I have to say that this week was even better than the first two. I went with my preceptor to a facility for troubled teens. There were lots of young teenagers there with a multitude of problems; from drug abuse to crime to family abandonment, etc. We had 6 or 7 kids scheduled, 4 for initial interviews and assessment and 2 or 3 for medication checks. I was allowed to do the initial interviews on two of the kids. They were extremely difficult, and let me tell you, teenagers can be really hard to get to talk. But, by the end of one of the interviews, I had one young lady who had given me information concerning sexual abuse by her mother’s boyfriend that her counselors had not been able to get her to talk about. They knew it had happened, but she had refused to talk about it at all because the guy had threatened to kill members of her family if she told anyone. I have never seen a young teenager with such huge tears, but after we had discussed it, you could literally see the weight lifted from her shoulders as she skipped down the hall and stairs.
Anyway, I only have 4 more days next week of this rotation. And, like I told my preceptor, it has helped me to understand mental health issues tremendously. And, I can honestly see how understanding these things can be of great benefit in my future family practice.

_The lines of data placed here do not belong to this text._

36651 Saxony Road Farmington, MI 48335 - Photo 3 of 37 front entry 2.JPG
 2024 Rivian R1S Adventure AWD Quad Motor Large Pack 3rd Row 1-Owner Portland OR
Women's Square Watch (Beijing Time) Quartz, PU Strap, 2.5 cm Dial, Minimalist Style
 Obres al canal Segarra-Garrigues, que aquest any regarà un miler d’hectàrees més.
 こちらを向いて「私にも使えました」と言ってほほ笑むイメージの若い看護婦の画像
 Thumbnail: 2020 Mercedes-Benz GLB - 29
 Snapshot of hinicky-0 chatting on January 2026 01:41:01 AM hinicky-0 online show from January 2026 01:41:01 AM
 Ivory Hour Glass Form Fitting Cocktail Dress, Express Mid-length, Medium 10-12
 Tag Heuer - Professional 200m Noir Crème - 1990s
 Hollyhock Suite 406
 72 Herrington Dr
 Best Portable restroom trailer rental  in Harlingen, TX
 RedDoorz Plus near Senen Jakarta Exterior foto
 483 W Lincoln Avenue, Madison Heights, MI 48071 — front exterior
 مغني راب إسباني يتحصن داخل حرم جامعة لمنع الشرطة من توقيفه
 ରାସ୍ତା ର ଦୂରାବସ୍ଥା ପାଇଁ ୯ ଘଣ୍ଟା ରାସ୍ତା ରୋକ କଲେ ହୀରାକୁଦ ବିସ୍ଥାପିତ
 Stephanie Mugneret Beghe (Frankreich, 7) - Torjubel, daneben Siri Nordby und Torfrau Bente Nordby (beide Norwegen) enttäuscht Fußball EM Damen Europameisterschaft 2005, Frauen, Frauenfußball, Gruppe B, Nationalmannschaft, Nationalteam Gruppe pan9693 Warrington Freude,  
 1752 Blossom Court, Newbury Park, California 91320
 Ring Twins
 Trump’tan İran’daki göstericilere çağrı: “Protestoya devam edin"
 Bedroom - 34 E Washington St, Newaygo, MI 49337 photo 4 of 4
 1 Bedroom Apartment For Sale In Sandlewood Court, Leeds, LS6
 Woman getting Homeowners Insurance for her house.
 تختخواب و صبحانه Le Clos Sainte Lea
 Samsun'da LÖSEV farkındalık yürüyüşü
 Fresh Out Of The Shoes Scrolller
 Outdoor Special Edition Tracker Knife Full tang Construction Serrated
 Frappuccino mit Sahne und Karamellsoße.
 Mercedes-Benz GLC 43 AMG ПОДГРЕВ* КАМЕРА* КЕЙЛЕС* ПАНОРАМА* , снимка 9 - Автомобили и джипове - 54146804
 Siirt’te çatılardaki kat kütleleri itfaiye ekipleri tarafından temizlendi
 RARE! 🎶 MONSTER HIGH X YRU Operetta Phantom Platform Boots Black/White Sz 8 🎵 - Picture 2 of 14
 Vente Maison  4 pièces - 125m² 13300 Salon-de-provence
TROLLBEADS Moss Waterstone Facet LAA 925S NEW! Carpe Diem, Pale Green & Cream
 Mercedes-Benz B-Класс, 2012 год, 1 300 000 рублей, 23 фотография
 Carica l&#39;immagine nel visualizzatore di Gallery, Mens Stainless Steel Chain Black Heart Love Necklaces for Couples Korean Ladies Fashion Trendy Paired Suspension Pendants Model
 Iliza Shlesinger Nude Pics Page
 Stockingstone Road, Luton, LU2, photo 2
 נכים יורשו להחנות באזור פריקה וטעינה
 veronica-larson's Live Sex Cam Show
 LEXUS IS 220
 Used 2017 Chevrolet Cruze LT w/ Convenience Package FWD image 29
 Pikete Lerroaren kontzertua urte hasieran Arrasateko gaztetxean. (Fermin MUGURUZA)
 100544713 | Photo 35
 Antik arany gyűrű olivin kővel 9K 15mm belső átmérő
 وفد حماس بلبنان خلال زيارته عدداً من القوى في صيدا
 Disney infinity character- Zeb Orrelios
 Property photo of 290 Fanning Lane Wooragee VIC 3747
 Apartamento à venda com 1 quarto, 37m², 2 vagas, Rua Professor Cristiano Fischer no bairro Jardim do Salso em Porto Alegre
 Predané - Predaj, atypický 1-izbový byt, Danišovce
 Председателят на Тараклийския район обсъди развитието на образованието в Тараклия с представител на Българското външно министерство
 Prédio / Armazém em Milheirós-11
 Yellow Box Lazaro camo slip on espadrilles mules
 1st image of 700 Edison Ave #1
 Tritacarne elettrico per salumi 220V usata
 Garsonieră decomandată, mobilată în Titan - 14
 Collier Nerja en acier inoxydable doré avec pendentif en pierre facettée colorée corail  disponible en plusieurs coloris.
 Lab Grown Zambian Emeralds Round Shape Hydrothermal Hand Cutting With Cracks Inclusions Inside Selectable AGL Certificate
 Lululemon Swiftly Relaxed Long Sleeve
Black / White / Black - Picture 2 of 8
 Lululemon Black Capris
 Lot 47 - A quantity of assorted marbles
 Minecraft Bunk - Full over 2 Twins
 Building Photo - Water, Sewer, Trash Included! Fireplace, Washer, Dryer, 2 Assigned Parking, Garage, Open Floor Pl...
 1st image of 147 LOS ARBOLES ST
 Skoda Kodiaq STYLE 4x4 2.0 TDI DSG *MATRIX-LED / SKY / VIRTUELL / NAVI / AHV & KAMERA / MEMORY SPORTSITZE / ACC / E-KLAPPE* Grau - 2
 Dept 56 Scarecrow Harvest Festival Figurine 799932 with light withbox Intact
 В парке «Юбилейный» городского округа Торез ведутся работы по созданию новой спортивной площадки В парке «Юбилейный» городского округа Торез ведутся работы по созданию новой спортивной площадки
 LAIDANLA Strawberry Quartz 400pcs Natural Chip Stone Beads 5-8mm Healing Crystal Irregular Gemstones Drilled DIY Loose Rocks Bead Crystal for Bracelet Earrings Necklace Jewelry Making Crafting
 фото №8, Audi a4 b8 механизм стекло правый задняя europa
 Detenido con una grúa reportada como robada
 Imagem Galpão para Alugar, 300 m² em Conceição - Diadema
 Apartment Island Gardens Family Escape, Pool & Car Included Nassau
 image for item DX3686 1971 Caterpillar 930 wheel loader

After I finish my last week, it will be on to my OMM Osteopathic Manipulative Medicine) rotation. This one I can hardly wait for!
More later!

Well, it’s over. The rotation I had dreaded came to an end. The sad thing is, I was enjoying it so much I really didn’t want it to end yet! These four weeks in psychiatry have given me a much deeper appreciation for the field and some great insight into myself.
Besides having the opportunity to learn a lot about the various types of mental illness and medications and treatment plans appropriate to each, I came away with an awareness that proper medical treatment can be of tremendous benefit when administered with compassion and understanding of the underlying issues affecting each patient.
While it seems to me that the medical profession didn’t know a whole lot about treating mental disease a few years ago, I think tremendous strides have been made in recent years.
And to top it all off, my preceptor graded me as ‘truly exceptional’ in two of the four graded categories and as ‘excellent’ in the remaining two. Grades like that, of course, always feel good and are very encouraging for future endeavors.
Now, it’s on to osteopathic manipulative medicine, which as you all know, is one of my favorite areas of treatment. Can’t wait for Monday!